Aidoneus was not amused.
“Please,” the mortal begged again, his voice a hoarse whisper.
“You wish for me to look into your soul, then? A brave request.” The Lord of the Underworld narrowed his eyes. “I will tell you what I see.”
“You,” the mortal’s voice shook, “y-you will give me a chance?”
“If your words are true, you will drink the waters of the Lethe. You will forget the suffering of your mortal life, and you will join the souls in the Fields of Asphodel. If, however, your claims prove false…”
“Thank you; thank you my lord. You are wise and just.” His shoulders relaxed and he closed his eyes, sighing
deeply.
Aidoneus stood, his staff held firmly in his right hand, his gaze affixed to the mortal. “I see one who defied Zeus, the King of the Gods.”
The dead king’s eyes opened wide. “No…”
“A host who murdered his own house guests.”
“No, please!”
“A kinsman who raped his own niece, compelling her to murder her children, then drove his brother to madness and death.”
“That’s not true. That was him! It was him!”
“I see a man who, through his own hubris, tried to elevate himself above the gods.”
“Please, no, no, no,” the man crumpled forward, sobbing.

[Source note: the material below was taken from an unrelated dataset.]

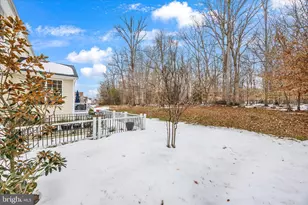 7534 Tottenham Dr, White Plains, MD 20695 - Photo 48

Aidoneus had seen the wicked react this way before when the breadth of their sins was laid bare. He had very little patience for it. His staff pounded the floor, the echo resounding through the room. He stood tall, his shoulders drawn back. “Abandon all hope, Sisyphus, son of Aeolus and Enarete. For the murder of your guests, the violation of your niece, for offenses against Zeus and all the gods, you are denied the waters of the Lethe. I, Hades Aidoneus Chthonios, firstborn son of Kronos, sentence you to Tartarus for all eternity. Rhadamanthys and Alekto will escort you to the Phlegethon. You will be cast into the Pit where the Hekatonkheires will exact your punishment.”

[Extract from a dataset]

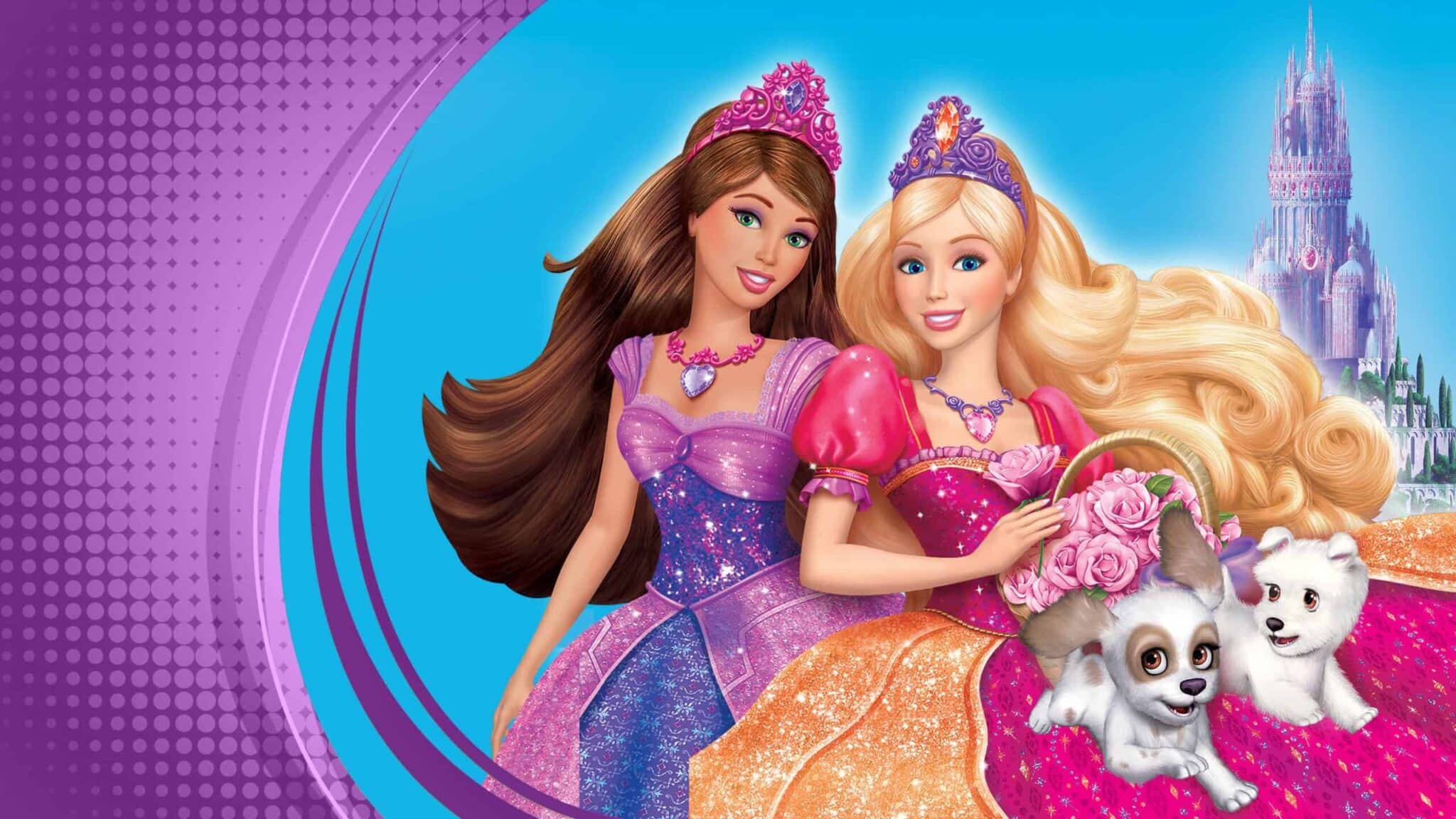 Barbie Movies Scaled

“No, it’s a mistake! Please, Merciful One, please have mercy on me! Mercy! Mercy!” The man let out a wail of grief, his voice ringing through the granite halls as golden-winged Alekto dragged him bodily.

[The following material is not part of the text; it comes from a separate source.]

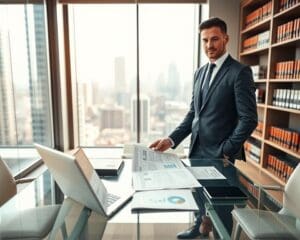 Warum ist ein Compliance-Berater wichtig?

Aidoneus sat, exhausted. He rarely sent a soul to Tartarus, and disliked doing so. But it was a necessity. He pinched the bridge of his nose and slumped back into his throne.
“Are you well, my lord?”
“I’m fine, Minos.”
“Hypnos tells me you haven’t been sleeping.”
“A full night’s sleep would be worthier of Hypnos’s gossip, no?”
Minos chortled.
Aidoneus opened his eyes. “Are there any more today?”
“No my lord. And no coming judgment of any other kings or nobles, either.”
“That is good.”
“You know, the harvest is on the full moon,” the judge said. “Fewer die during this time. I truly believe the sick, weak, and old are filled with enough joy from the harvest festivals to stay alive a little longer than they normally would.”